## Exercise aim
Having found the line that holds "Brown tweed trousers", give that line and all lines after it again, word for word, through the end of the data below.

(Brief descriptive captions)
┏━━

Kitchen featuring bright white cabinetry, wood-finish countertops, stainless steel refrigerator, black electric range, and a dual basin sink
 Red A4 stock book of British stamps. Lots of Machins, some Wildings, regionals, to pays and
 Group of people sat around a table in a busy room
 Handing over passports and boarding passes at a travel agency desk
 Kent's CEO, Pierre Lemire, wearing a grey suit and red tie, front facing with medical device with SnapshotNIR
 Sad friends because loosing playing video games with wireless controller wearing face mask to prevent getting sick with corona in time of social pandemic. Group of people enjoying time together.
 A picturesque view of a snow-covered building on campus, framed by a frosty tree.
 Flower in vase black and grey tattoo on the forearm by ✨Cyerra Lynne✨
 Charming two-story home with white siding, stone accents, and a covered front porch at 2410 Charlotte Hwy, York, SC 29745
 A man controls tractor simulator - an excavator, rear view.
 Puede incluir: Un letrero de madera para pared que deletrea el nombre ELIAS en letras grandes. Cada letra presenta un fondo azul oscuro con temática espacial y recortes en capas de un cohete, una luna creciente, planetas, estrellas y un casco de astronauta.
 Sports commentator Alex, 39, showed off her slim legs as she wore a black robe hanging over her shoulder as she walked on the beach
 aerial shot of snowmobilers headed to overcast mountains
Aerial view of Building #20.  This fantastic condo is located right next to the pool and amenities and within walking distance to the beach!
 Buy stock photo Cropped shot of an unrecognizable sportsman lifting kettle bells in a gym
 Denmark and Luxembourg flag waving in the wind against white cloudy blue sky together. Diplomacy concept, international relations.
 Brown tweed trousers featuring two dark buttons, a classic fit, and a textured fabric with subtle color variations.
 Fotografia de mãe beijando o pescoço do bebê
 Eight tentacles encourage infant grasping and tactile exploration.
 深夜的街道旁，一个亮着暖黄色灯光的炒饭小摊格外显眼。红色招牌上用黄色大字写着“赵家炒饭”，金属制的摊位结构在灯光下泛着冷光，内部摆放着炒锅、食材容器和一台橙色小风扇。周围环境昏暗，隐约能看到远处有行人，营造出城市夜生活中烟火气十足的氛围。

┗━━

## Task output
 Brown tweed trousers featuring two dark buttons, a classic fit, and a textured fabric with subtle color variations.
 Fotografia de mãe beijando o pescoço do bebê
 Eight tentacles encourage infant grasping and tactile exploration.
 深夜的街道旁，一个亮着暖黄色灯光的炒饭小摊格外显眼。红色招牌上用黄色大字写着“赵家炒饭”，金属制的摊位结构在灯光下泛着冷光，内部摆放着炒锅、食材容器和一台橙色小风扇。周围环境昏暗，隐约能看到远处有行人，营造出城市夜生活中烟火气十足的氛围。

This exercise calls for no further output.